Hans Tangelder verloor in een partij waarin hij langzamerhand steeds slechter kwam te staan en uiteindelijk in een kansloos overmachtseindspel terecht kwam.
Hans Kreder hield lang stand tegen een duidelijk sterker tegenstander, maar in een al sterk uitgedunde stand ging het toch nog fout.
André Venema – Hans Kreder
Stand na de 57e zet van wit.
(18-23) moet gemakkelijk tot remise leiden, maar Hans gaat voor een meer complexe poging: het behalen van twee dammen: (18-22), 21×12 (24-29), 33×13 (22×33).

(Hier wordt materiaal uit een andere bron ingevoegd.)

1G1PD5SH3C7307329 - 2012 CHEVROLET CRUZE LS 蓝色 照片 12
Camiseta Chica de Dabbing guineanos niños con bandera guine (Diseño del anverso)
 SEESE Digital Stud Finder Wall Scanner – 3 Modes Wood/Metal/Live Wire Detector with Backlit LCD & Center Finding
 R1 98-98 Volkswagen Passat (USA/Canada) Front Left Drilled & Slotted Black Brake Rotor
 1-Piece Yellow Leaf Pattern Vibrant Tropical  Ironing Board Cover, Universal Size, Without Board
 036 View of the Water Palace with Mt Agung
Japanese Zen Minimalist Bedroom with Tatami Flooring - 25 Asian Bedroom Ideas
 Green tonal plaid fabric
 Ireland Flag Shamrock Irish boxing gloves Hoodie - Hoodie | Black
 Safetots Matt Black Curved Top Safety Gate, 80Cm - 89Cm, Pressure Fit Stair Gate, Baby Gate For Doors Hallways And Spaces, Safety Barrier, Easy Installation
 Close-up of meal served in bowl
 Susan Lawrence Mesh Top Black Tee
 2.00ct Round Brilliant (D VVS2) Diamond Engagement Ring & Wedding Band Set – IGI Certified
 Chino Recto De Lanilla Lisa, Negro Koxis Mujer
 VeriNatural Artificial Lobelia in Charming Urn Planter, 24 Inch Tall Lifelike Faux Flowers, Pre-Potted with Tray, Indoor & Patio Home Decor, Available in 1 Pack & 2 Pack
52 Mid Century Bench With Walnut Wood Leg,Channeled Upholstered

Het lijkt alsof zwart met twee schijven kan doorbreken, maar dat kan wit verhinderen: 13-9! en wit houdt altijd een van beide schijven tegen.
Ten slotte verloor ook Harry Dekker. Hij maakte het zijn tegenstander ineens wel erg gemakkelijk.
Harry Dekker – Erik Maijenburg
Stand na de 40e zet van zwart.
De stand is vrijwel gelijkwaardig, maar niet meer na het gespeelde 31-26?? (12-17!). Ineens gaat wit ten minste een schijf verliezen door de dreiging (19-24) en (17-21). Wit speelde 39-34 maar liet zich het vervolg niet meer bewijzen: (17-21), 26×17 (11×22), 28×17 (24-29), 34×12 (13-18), 12×23 (19×46), 17-12 (46-19) en zwart wint.